Action item: The response should consist of every line below, unchanged.

━━━━━ Supplied entries ━━━━━

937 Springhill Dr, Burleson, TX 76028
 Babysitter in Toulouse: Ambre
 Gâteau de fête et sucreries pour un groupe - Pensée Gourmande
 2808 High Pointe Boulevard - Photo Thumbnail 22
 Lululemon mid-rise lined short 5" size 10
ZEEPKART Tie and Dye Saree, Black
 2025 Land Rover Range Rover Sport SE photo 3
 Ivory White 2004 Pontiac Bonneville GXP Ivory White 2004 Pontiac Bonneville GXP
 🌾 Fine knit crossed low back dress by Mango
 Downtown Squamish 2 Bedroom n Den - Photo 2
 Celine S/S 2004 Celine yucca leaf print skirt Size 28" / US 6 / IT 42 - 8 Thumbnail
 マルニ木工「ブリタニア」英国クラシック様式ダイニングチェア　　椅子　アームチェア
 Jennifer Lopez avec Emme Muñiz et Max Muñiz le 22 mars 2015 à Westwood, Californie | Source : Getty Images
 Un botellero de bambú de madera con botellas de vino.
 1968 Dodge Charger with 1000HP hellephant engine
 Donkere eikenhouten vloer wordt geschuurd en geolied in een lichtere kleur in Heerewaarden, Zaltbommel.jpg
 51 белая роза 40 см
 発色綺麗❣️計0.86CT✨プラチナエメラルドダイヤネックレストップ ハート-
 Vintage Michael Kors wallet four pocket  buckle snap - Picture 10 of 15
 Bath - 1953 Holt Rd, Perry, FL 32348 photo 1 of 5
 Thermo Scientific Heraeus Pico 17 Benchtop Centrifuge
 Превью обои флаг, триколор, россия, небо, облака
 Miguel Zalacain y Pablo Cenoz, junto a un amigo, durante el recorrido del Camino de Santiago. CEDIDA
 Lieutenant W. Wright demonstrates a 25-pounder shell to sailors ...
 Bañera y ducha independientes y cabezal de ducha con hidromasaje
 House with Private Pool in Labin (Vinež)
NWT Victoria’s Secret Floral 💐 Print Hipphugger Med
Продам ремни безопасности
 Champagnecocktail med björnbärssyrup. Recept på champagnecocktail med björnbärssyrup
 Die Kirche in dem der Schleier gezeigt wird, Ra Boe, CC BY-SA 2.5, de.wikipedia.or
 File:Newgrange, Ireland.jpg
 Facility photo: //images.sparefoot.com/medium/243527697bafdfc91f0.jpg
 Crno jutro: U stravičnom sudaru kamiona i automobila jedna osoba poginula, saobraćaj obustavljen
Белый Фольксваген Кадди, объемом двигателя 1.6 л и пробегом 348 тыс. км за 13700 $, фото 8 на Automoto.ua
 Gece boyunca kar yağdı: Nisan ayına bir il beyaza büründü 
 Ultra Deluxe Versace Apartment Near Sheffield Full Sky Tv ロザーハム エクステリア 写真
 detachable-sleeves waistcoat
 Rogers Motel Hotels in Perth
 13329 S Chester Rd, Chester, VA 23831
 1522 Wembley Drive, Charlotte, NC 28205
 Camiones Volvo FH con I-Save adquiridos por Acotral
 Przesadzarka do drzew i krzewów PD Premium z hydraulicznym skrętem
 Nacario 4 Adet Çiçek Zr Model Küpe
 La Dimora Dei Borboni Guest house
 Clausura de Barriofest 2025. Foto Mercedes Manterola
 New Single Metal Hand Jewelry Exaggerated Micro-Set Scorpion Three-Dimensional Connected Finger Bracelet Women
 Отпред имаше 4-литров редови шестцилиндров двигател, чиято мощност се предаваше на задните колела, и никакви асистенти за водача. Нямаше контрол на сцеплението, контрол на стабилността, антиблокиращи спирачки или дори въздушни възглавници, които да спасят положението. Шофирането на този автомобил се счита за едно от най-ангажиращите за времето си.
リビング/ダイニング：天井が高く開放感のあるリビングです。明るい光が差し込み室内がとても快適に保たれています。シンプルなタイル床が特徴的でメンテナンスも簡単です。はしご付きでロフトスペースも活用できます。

━━━━━

Output for this task:
937 Springhill Dr, Burleson, TX 76028
 Babysitter in Toulouse: Ambre
 Gâteau de fête et sucreries pour un groupe - Pensée Gourmande
 2808 High Pointe Boulevard - Photo Thumbnail 22
 Lululemon mid-rise lined short 5" size 10
ZEEPKART Tie and Dye Saree, Black
 2025 Land Rover Range Rover Sport SE photo 3
 Ivory White 2004 Pontiac Bonneville GXP Ivory White 2004 Pontiac Bonneville GXP
 🌾 Fine knit crossed low back dress by Mango
 Downtown Squamish 2 Bedroom n Den - Photo 2
 Celine S/S 2004 Celine yucca leaf print skirt Size 28" / US 6 / IT 42 - 8 Thumbnail
 マルニ木工「ブリタニア」英国クラシック様式ダイニングチェア　　椅子　アームチェア
 Jennifer Lopez avec Emme Muñiz et Max Muñiz le 22 mars 2015 à Westwood, Californie | Source : Getty Images
 Un botellero de bambú de madera con botellas de vino.
 1968 Dodge Charger with 1000HP hellephant engine
 Donkere eikenhouten vloer wordt geschuurd en geolied in een lichtere kleur in Heerewaarden, Zaltbommel.jpg
 51 белая роза 40 см
 発色綺麗❣️計0.86CT✨プラチナエメラルドダイヤネックレストップ ハート-
 Vintage Michael Kors wallet four pocket  buckle snap - Picture 10 of 15
 Bath - 1953 Holt Rd, Perry, FL 32348 photo 1 of 5
 Thermo Scientific Heraeus Pico 17 Benchtop Centrifuge
 Превью обои флаг, триколор, россия, небо, облака
 Miguel Zalacain y Pablo Cenoz, junto a un amigo, durante el recorrido del Camino de Santiago. CEDIDA
 Lieutenant W. Wright demonstrates a 25-pounder shell to sailors ...
 Bañera y ducha independientes y cabezal de ducha con hidromasaje
 House with Private Pool in Labin (Vinež)
NWT Victoria’s Secret Floral 💐 Print Hipphugger Med
Продам ремни безопасности
 Champagnecocktail med björnbärssyrup. Recept på champagnecocktail med björnbärssyrup
 Die Kirche in dem der Schleier gezeigt wird, Ra Boe, CC BY-SA 2.5, de.wikipedia.or
 File:Newgrange, Ireland.jpg
 Facility photo: //images.sparefoot.com/medium/243527697bafdfc91f0.jpg
 Crno jutro: U stravičnom sudaru kamiona i automobila jedna osoba poginula, saobraćaj obustavljen
Белый Фольксваген Кадди, объемом двигателя 1.6 л и пробегом 348 тыс. км за 13700 $, фото 8 на Automoto.ua
 Gece boyunca kar yağdı: Nisan ayına bir il beyaza büründü 
 Ultra Deluxe Versace Apartment Near Sheffield Full Sky Tv ロザーハム エクステリア 写真
 detachable-sleeves waistcoat
 Rogers Motel Hotels in Perth
 13329 S Chester Rd, Chester, VA 23831
 1522 Wembley Drive, Charlotte, NC 28205
 Camiones Volvo FH con I-Save adquiridos por Acotral
 Przesadzarka do drzew i krzewów PD Premium z hydraulicznym skrętem
 Nacario 4 Adet Çiçek Zr Model Küpe
 La Dimora Dei Borboni Guest house
 Clausura de Barriofest 2025. Foto Mercedes Manterola
 New Single Metal Hand Jewelry Exaggerated Micro-Set Scorpion Three-Dimensional Connected Finger Bracelet Women
 Отпред имаше 4-литров редови шестцилиндров двигател, чиято мощност се предаваше на задните колела, и никакви асистенти за водача. Нямаше контрол на сцеплението, контрол на стабилността, антиблокиращи спирачки или дори въздушни възглавници, които да спасят положението. Шофирането на този автомобил се счита за едно от най-ангажиращите за времето си.
リビング/ダイニング：天井が高く開放感のあるリビングです。明るい光が差し込み室内がとても快適に保たれています。シンプルなタイル床が特徴的でメンテナンスも簡単です。はしご付きでロフトスペースも活用できます。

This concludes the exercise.